The lien was placed as a result of Warner Bros. wanting the film and television rights to Superman back under their umbrella. The film and TV rights to Superman were leased to the Salkinds (the producers of the first three Christopher Reeve Superman movies and the 1984 Supergirl film) during the 1970s. Although Superboy was a Salkind production of a Time Warner property, it was distributed in the United States by Viacom, which later merged with Paramount in 1994. Because of the number of different companies involved in Superboy, and due to legal issues between Salkind and Time Warner that took time to settle, the Superboy television series has not re-aired on American television since its initial syndicated run. Though Time Warner owns all the footage to every other Salkind production of a Superman property exclusively, it shares ownership of the Superboy footage with Viacom/Paramount and Salkind.
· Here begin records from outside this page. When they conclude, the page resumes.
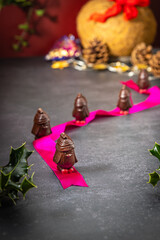 Chocolate penguins on a table with Christmas decorations
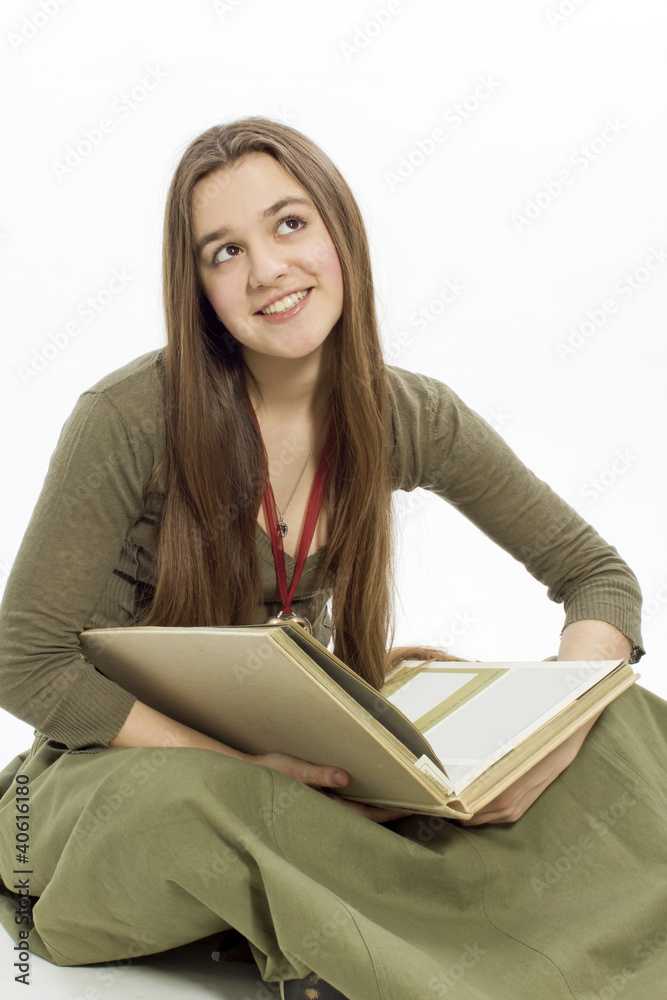 Beautiful the young brunette reading a book while sitting Beautiful the young brunette reading a book while sitting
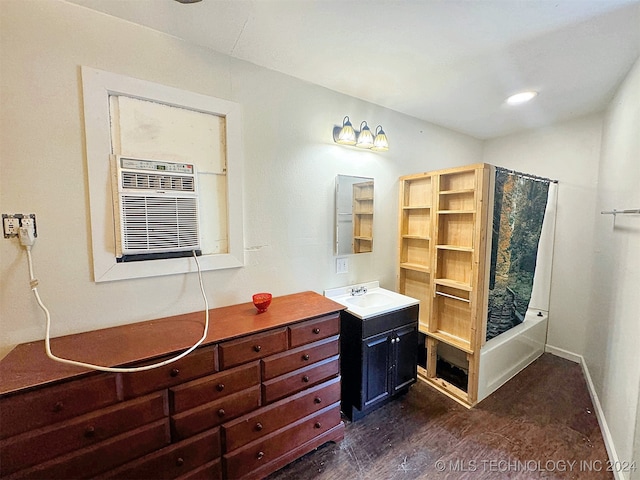 bathroom with wood-type flooring, vanity, and shower / bathtub combination with curtain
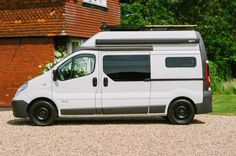 a small white van parked in front of a brick building next to a green field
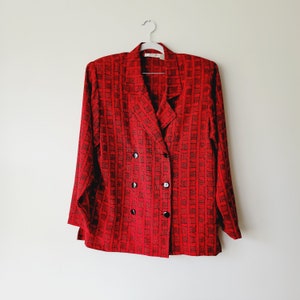 May include: A red blazer with a black and white geometric pattern. The blazer has a double-breasted closure with four black buttons.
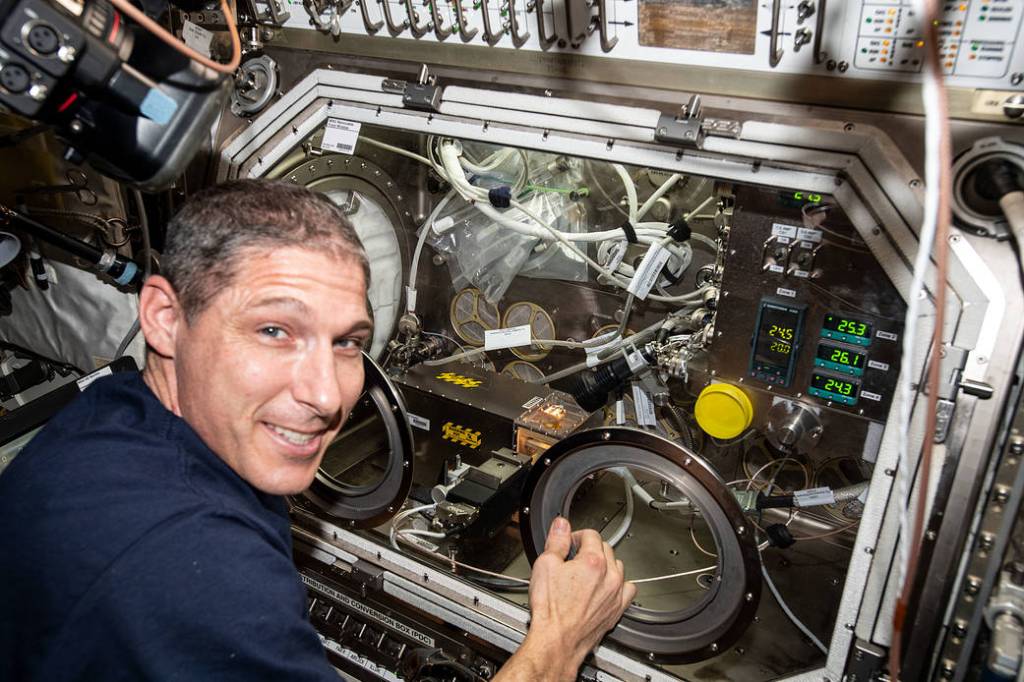 Astronaut Michael Hopkins swaps samples inside the Microgravity Science Glovebox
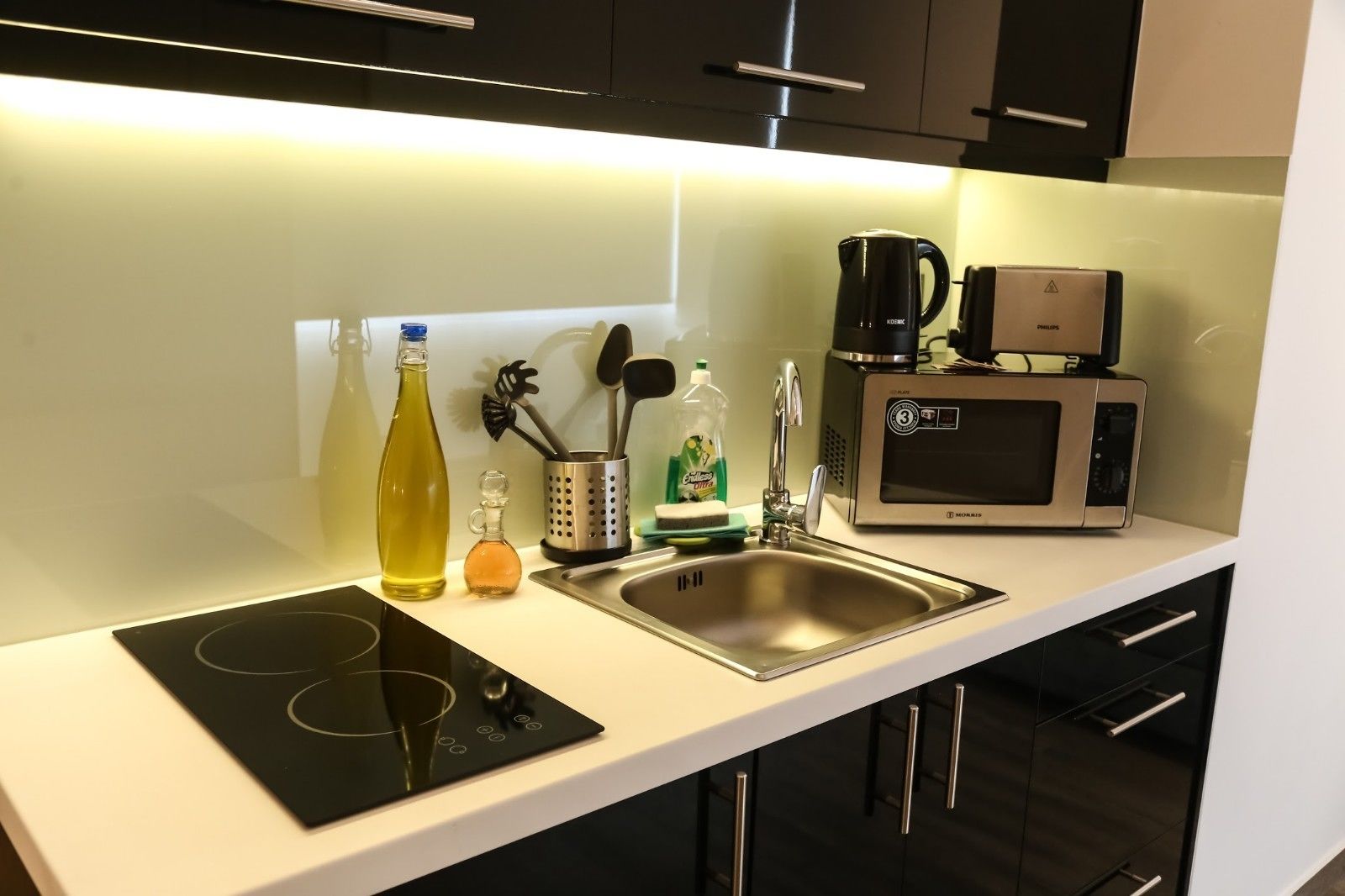 A modern kitchen with a built-in induction cooktop, a stainless steel sink, a microwave, and a coffee maker.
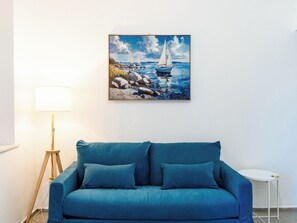 A room with a blue sofa, a painting of sailboats on the wall, a floor lamp, and a small white table. - Apartment Sirena by Interhome (Sanremo)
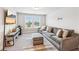A cozy bonus room with comfortable seating, soft lighting and an entertainment center at 515 Cobblestone Ct, Canton, GA 30115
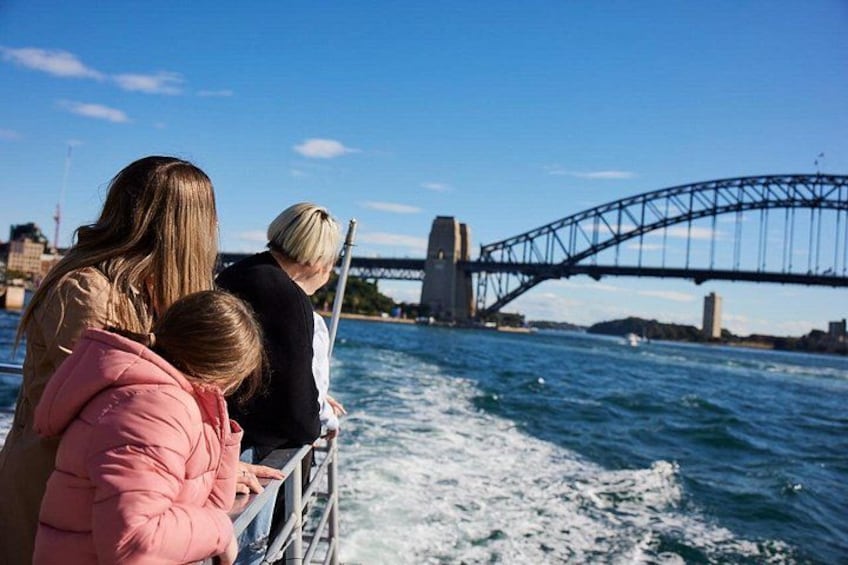 A family on a boat with the Sydney Harbour Bridge in the background. 2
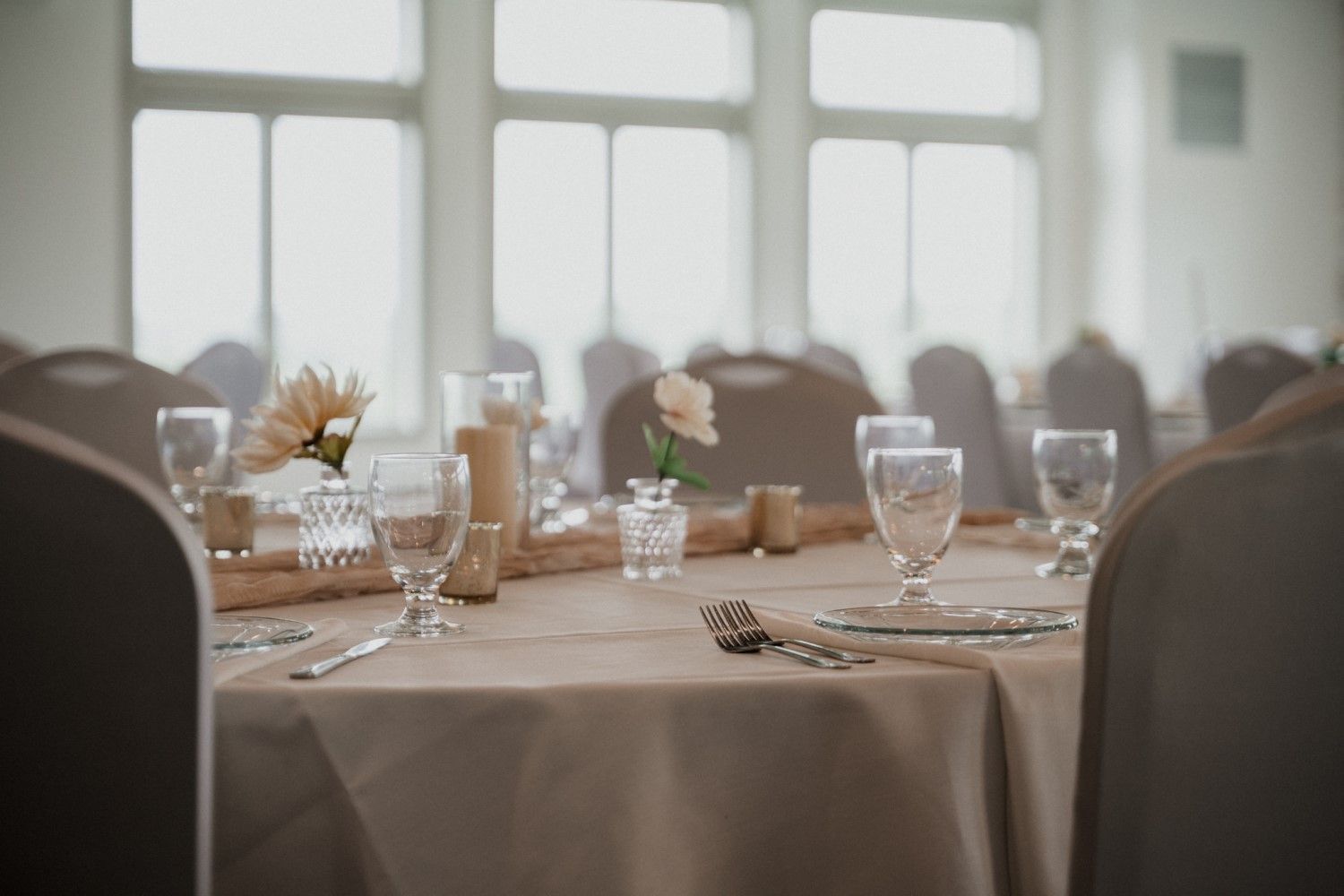 Round table set for a formal event, with flowers, glassware, and silverware.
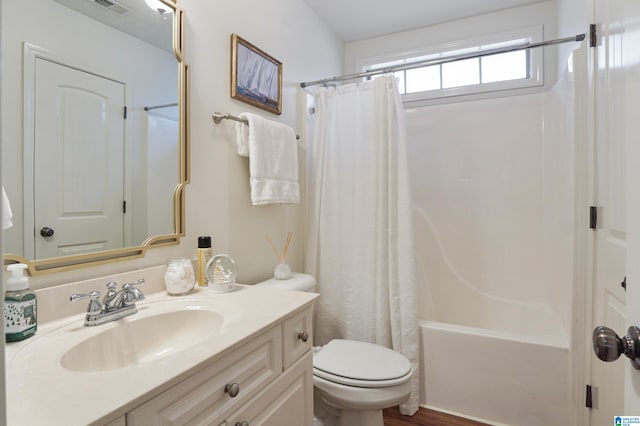 full bathroom featuring shower / bath combo, vanity, and toilet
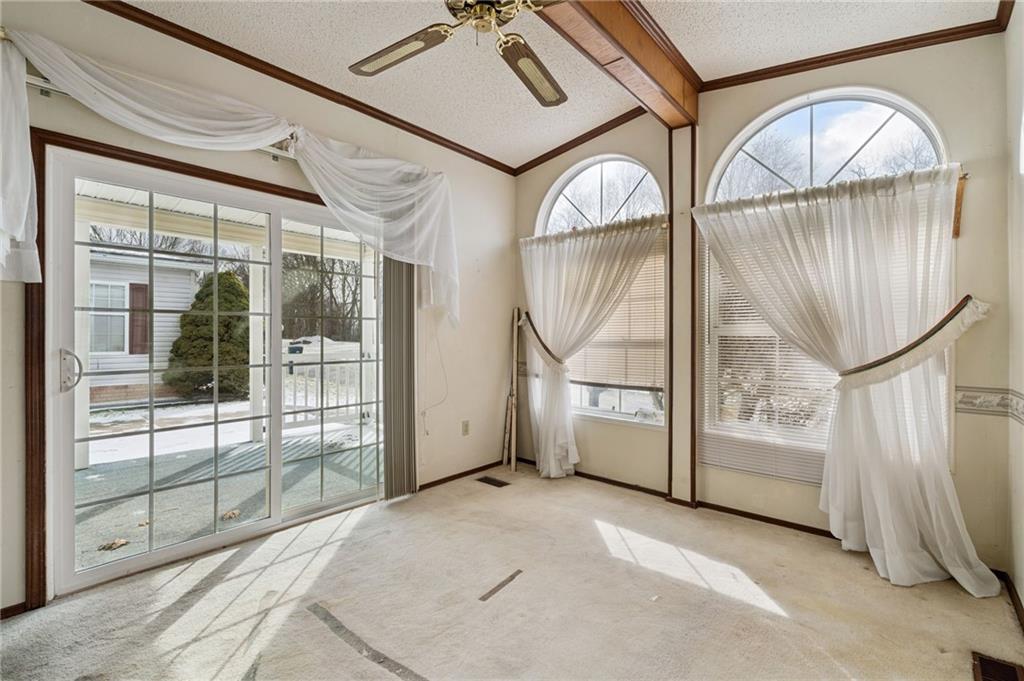 236 Ridge Lane Murrysville, PA 15668 - Photo 7 of 12 a view of a livingroom with wooden floor and windows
After Warner Brothers put the lien in place and regained the film & television rights to Superman from the Salkinds, the company produced Lois & Clark: The New Adventures of Superman. It is believed Warner put the lien in place only to open the door for Lois & Clark, not wanting two Superman-related TV series on the air at the same time (later on, Warner Bros. would produce other Superman related television shows such as Superman: The Animated Series and Smallville, and the feature film Superman Returns).[citation needed]
[edit] Bootleg VHS and DVDs
Some time after the series' cancellation, there was a dispute over what rights to the character the Salkinds actually owned. For a time this prevented any official home video release of the series. Between 1992 and 2006 the only way to see Superboy in the United States was by ordering bootleg VHS and DVD copies of the series sold on Ebay and other websites. The audio and video quality of these copies was varied.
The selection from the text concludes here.